Required action: The result should be every line in the data below that carries the string "from".

Segment Start: Material provided

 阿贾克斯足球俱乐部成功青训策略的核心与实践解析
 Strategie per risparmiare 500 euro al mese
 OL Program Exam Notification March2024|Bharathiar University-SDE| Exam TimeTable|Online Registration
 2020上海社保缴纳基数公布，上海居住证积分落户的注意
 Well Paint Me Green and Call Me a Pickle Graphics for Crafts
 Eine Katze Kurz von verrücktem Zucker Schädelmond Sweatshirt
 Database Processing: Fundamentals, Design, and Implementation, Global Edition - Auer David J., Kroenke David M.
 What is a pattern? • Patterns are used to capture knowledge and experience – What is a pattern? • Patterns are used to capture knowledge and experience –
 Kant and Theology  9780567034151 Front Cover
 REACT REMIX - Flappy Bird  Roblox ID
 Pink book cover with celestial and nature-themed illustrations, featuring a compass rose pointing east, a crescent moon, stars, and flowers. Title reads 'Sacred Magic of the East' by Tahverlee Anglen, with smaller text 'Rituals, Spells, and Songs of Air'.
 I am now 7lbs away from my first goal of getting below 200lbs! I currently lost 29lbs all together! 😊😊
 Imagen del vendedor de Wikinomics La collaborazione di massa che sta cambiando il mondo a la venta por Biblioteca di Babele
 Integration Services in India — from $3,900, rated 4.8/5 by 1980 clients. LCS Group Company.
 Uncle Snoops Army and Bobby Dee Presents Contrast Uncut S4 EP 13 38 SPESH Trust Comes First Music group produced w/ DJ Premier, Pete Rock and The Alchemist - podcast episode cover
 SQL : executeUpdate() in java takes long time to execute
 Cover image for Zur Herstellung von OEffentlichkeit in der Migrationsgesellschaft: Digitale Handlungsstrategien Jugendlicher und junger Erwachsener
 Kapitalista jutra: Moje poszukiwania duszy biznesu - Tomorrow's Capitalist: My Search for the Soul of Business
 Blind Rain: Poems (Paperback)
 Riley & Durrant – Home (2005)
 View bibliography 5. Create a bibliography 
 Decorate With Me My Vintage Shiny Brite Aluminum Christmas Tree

Segment End: Material provided

Answer box:
 I am now 7lbs away from my first goal of getting below 200lbs! I currently lost 29lbs all together! 😊😊
 Integration Services in India — from $3,900, rated 4.8/5 by 1980 clients. LCS Group Company.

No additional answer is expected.